Search for components

We’ve augmented the capabilities of the Assets panel. Previously, searching across published components used strict text matching, forcing designers to manually enumerate possible keywords in descriptions. Now, Assets search offers an AI-powered semantic understanding of the component. For example, a 😀 component can be found via “smiley,” “happy,” “face,” “grin,”—no matter what it’s called. No manual SEO work required! And like Search for designs, you can also search visually via a screenshot or selection of a similar component.

Here’s a behind-the-scenes look at how we built the infrastructure to make these new AI-powered search features in Figma possible.

Our embedding model

An embedding model is an AI algorithm that converts data like text and images into a meaningful array of numbers.

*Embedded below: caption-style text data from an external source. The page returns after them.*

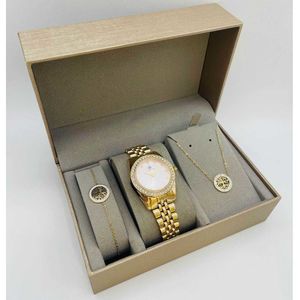 Coffret taupe : montre arrondie sertis de strass  doré + bijoux en acier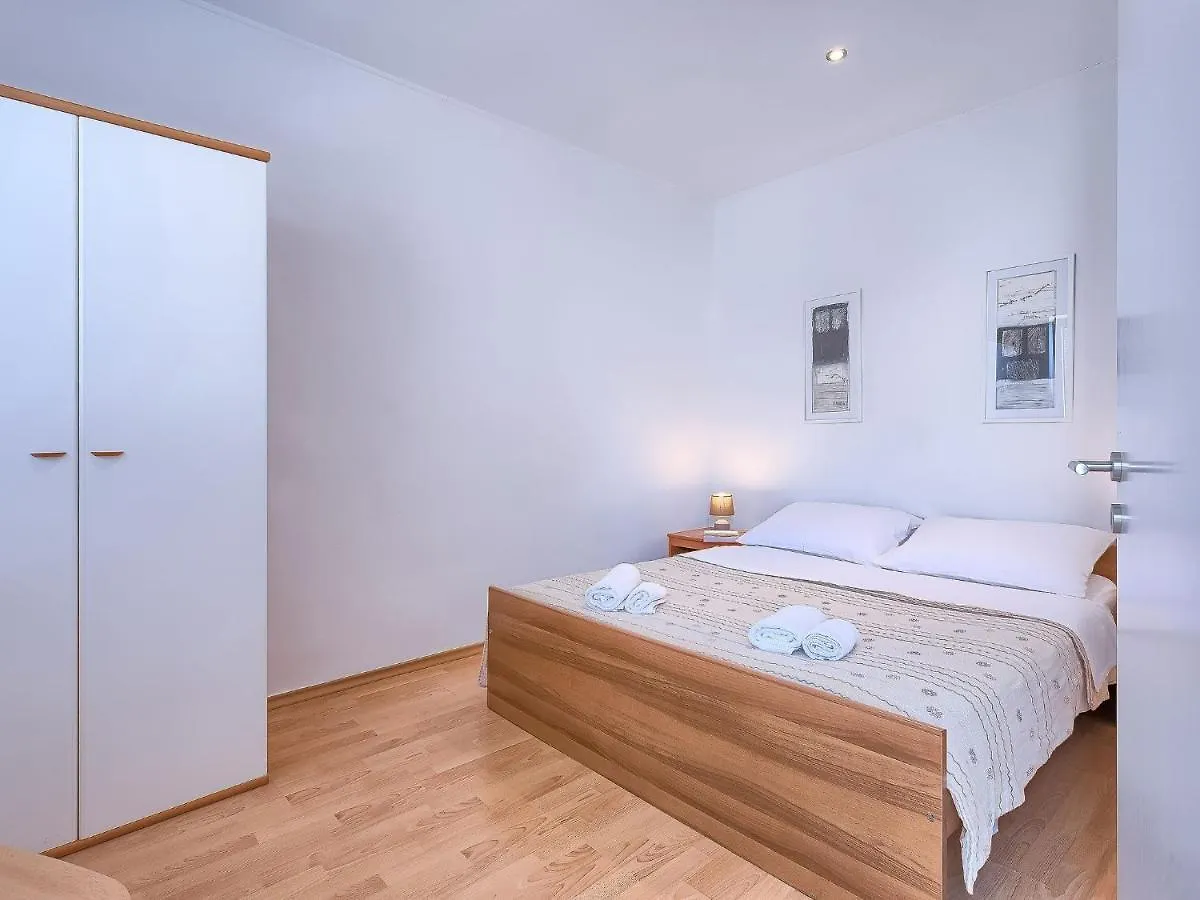 Apartment Nika-5 By Interhome Umag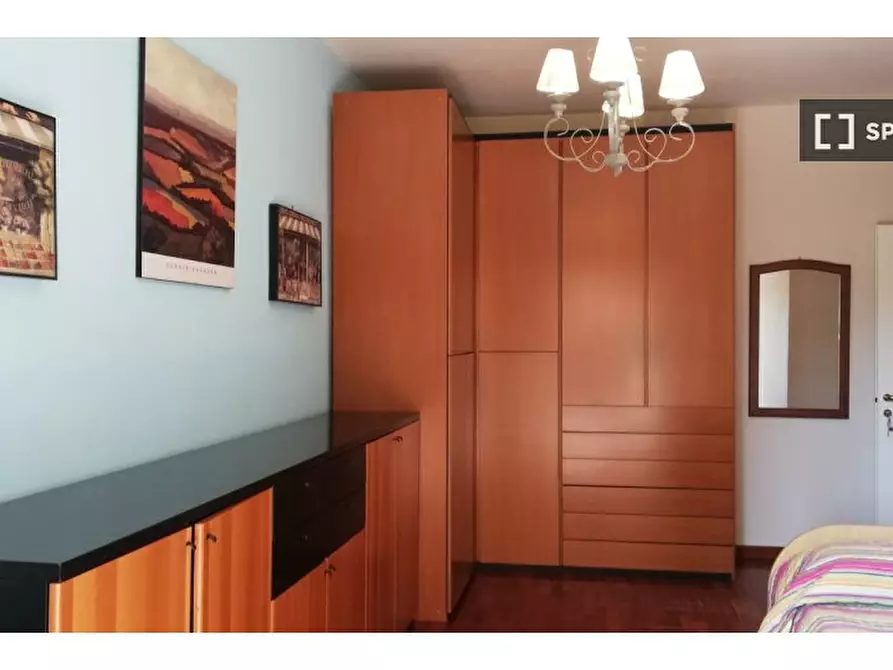 Immagine 2 di Camera condivisa in affitto  in Via Bernardo Cavallino a Napoli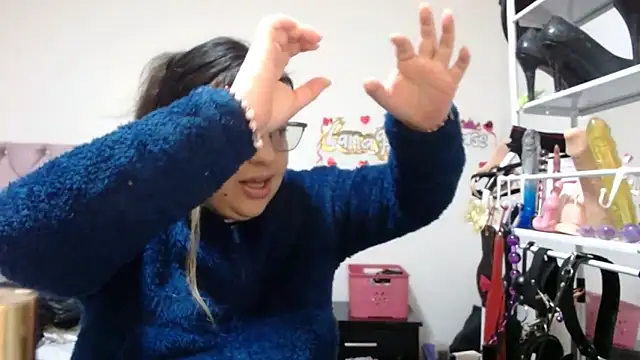 Snapshot of lanaqueen699 chatting on 11/04/25, 12:15 lanaqueen699 online show from 11/04/25, 12:15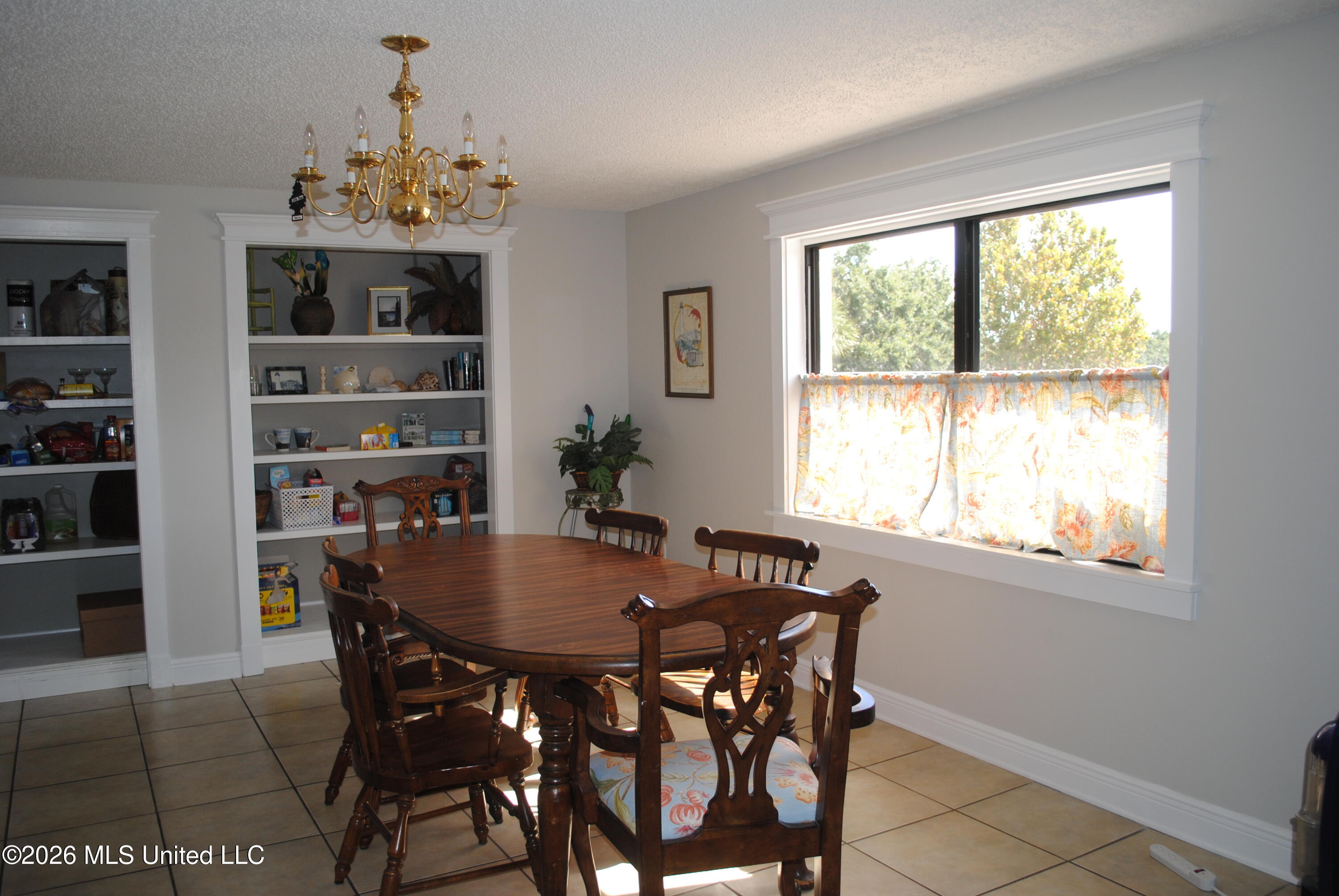 1130 Beach Boulevard Property Photo 7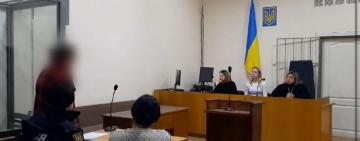 Жителька Подільського району, яка сокирою зарубала односельця постала перед судом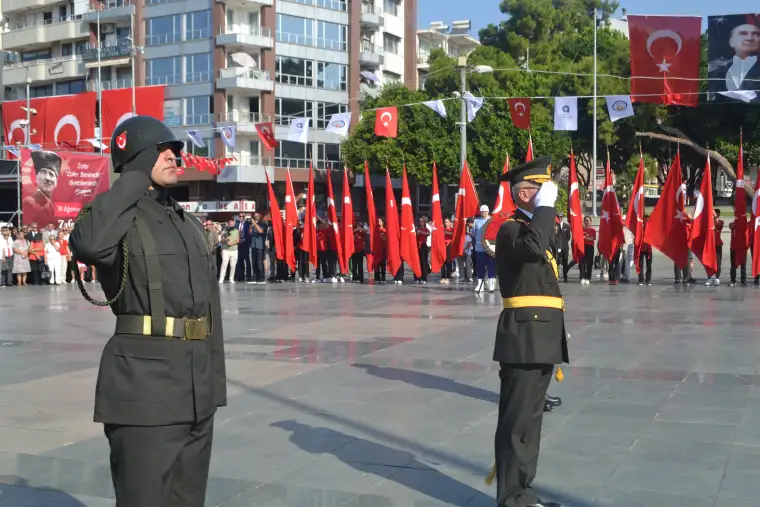 Antalya'da 30 Ağustos Coşkuyla Kutlanıyor! Yaşasın Tam Bağımsız Türkiye Cumhuriyeti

Figma’s embedding models were not trained on any private Figma files or customer data. Fine-tuning was performed with images of user interfaces from public, free Community files. You can read more about model training here.

At the heart of Figma’s AI-powered search is an embedding model capable of representing text or an image as a meaningful array of numbers. For example, an image of a cat might produce the embedding:

[0.066, 0.469, 0.103, 0.35, 0.382, 0.163, 0.587, 0.796, 0.311, 0.477]

Figma currently uses the open source CLIP model, which is what is known as a multimodal embedding model. The model can take multiple forms of inputs (image and text) and output embeddings that are in the same space. This means that an embedding for the string “cat” will be numerically similar to the embedding above, even though the first was generated with an image as input.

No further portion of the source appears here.